Presidente nega que clube tenha dívida de R$ 800 milhões
O presidente da Desportiva Ferroviária, Carlos Farias, negou que o clube esteja com dívidas de “quase R$ 800 milhões”. Segundo ele, a dívida do clube gira em torno de R$ 5 milhões a R$ 6 milhões.
“Ele (Marcelo Villa-Forte) tirou esse número (R$ 800 milhões) da cabeça dele. A dívida das empresas dele que são grandes, mas estão longe de um valor tão alto: eram de R$ 153 milhões e ele fez um acordo com a Fazenda Nacional para reduzi-las a R$ 50 milhões, e deu como garantia metade de uma jazida de minério localizada em Brumadinho (MG)”, afirma.

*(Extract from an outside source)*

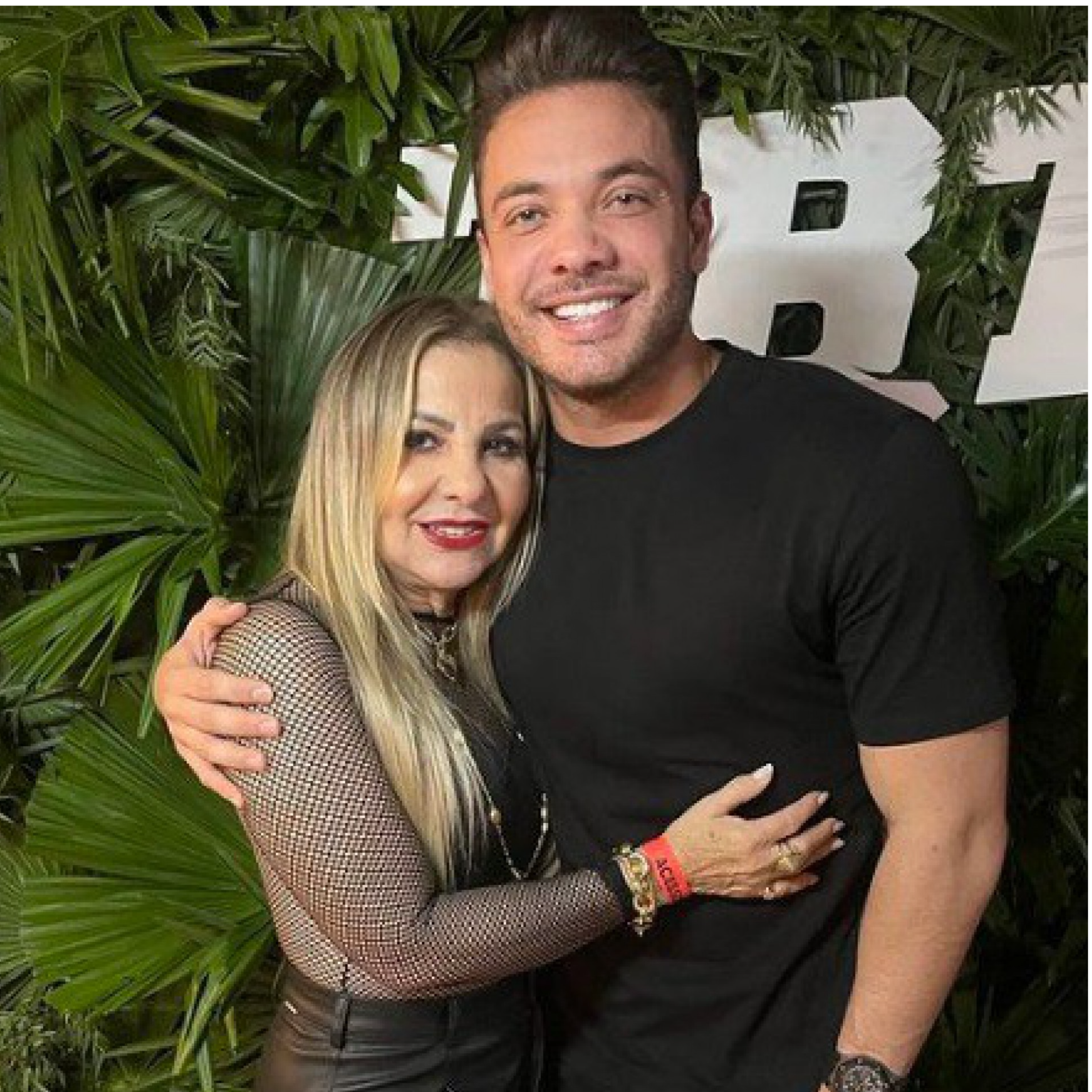 Dona Bill, mãe de Wesley, ao lado de Wesley. Estão abraçados. Ao fundo, algumas plantas, o chão é vermelho. Os dois estão sorrindo. Wesley usa uma camisa preta e uma calça preta, além de um relógio no pulso esquerdo.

Além disso, outro ponto controverso envolve a presença de duas escolas localizadas na área que se pretende leiloar.
“Era do Sindicato dos Ferroviários e passou para a prefeitura, que investiu muito dinheiro lá. Curiosamente, ele mandou desocupar o estádio, mas não as escolas que estão lá. A gente não quer que as escolas saiam dali, mas é preciso explicar o motivo de só a Desportiva Ferroviária ter de desocupar o local”, afirma Farias.
Segundo os advogados da Villa-Forte & Oliveira Emprendimentos, o acesso à escola não seria interrompido durante o ano letivo e que esse tema é assunto de outro processo que tramita na Justiça Estadual.
Entenda o caso
Panorama histórico
Para explicar essa história, é necessário voltar 25 anos. Em 1999, o grupo Villa-Forte & Oliveira e a Desportiva Ferroviária firmaram uma parceria e transformaram a “Tiva” em Sociedade Anônima, nascendo assim a Desportiva Capixaba.
No acordo entre as partes, o clube ficou com 49% das ações da S.A., pagando com o próprio patrimônio, incluindo o estádio, enquanto o grupo prometeu 51% a serem pagos em dinheiro, um total de R$ 1.040.910,00.
A promessa do grupo foi pagar 10% de forma imediata, enquanto os outros 41% seriam pagos em 20 parcelas mensais de R$ 30 mil e, além disso, o acordo também incluía a construção de um posto de gasolina no valor de pouco mais de R$ 330 mil.
Mas o grupo pagou apenas os 10% prometidos, ou seja, R$ 104.091. Após diversos problemas, os sócios desfizeram a parceria em 2014, quando o grupo decretou falência.
Mesmo não tendo cumprido o acordo, Marcelo Villa-Forte, proprietário da empresa ex-sócia da Desportiva, teria colocado o estádio como garantia em “diversas penhoras de suas dívidas”, segundo os documentos da denúncia feita pelo clube.
Nomeação e leilão
Ano passado, a justiça nomeou como liquidante judicial do processo de dissolução, que tramita na 2ª Vara Cível de Cariacica, um liquidante judicial que é auditor do Estado.
Segundo o presidente da Desportiva Ferroviária, o auditor teria omitido que é servidor público, informação que poderia ser motivo para que uma das partes bloqueasse sua nomeação, já que por lei não poderia exercer funções paralelamente em âmbito privado.
Também no ano passado, Villa-Forte teria tentado leiloar, de forma extrajudicial, o estádio Engenheiro Araripe, sem a ciência da Desportiva Ferroviária.
Desde a dissolução da sociedade, as partes estavam à espera da nomeação de um novo liquidante judicial, o que ocorreu neste ano. Com a liquidação judicial, será possível entender quais são os direitos das partes com relação ao patrimônio.
Fontes: Carlos Farias, advogados do caso e pesquisa A Tribuna.